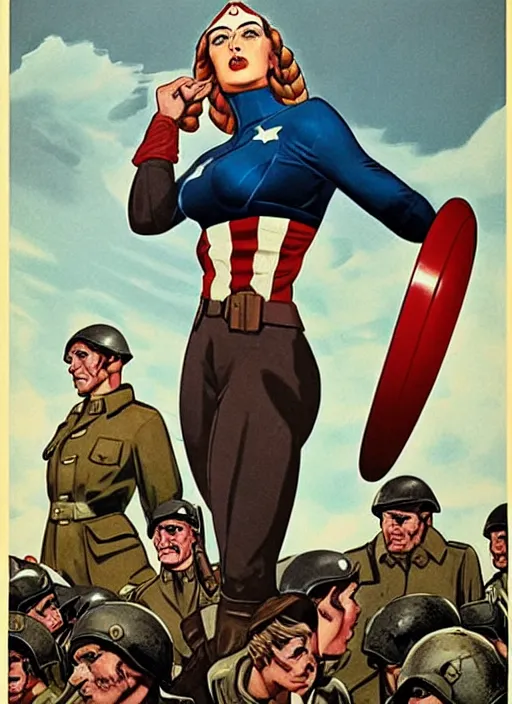 Prompt: beautiful female captain america standing on a pile of defeated, beaten and broken german soldiers. feminist captain america faces hitler. american wwii propaganda poster by james gurney and pixar. gorgeous face. long braids.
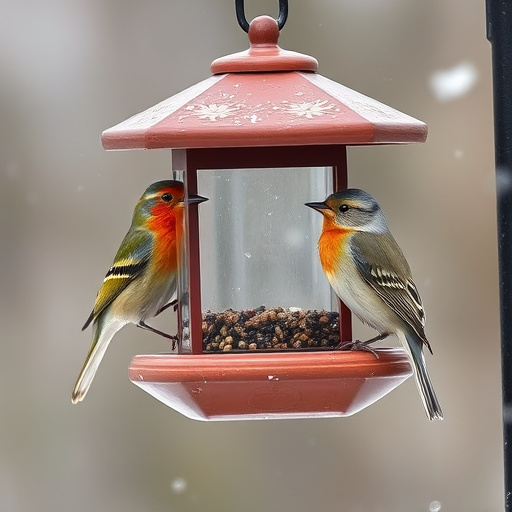Birds sheltering under weatherproof feeder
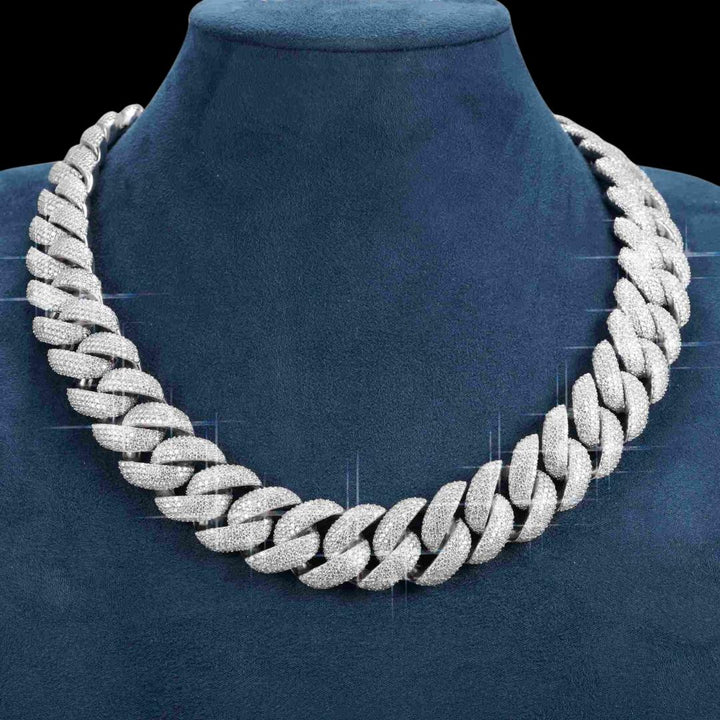 22mm Moissanite 5 Row Miami Cuban Link Chain in 14K Gold Necklace Display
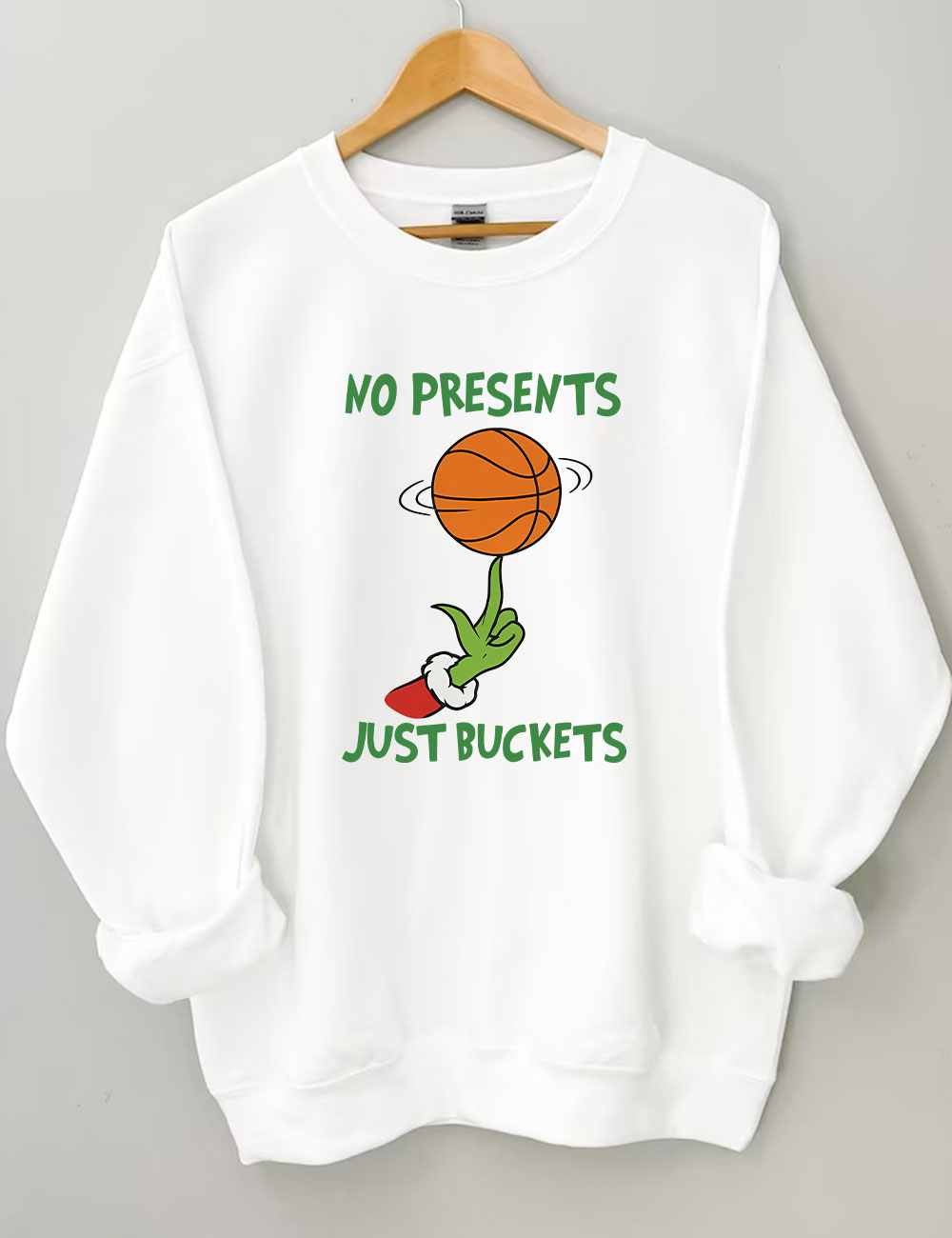 No Presents Just Buckets Grinch Basketball Sweatshirt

YOUR ASSIGNMENT: Print only the lines from the one with "Birds sheltering under weatherproof feeder" through the last line of the data above, exactly and with both ends, and please omit any pictures.

EXERCISE RESULT:
Birds sheltering under weatherproof feeder
 22mm Moissanite 5 Row Miami Cuban Link Chain in 14K Gold Necklace Display
 No Presents Just Buckets Grinch Basketball Sweatshirt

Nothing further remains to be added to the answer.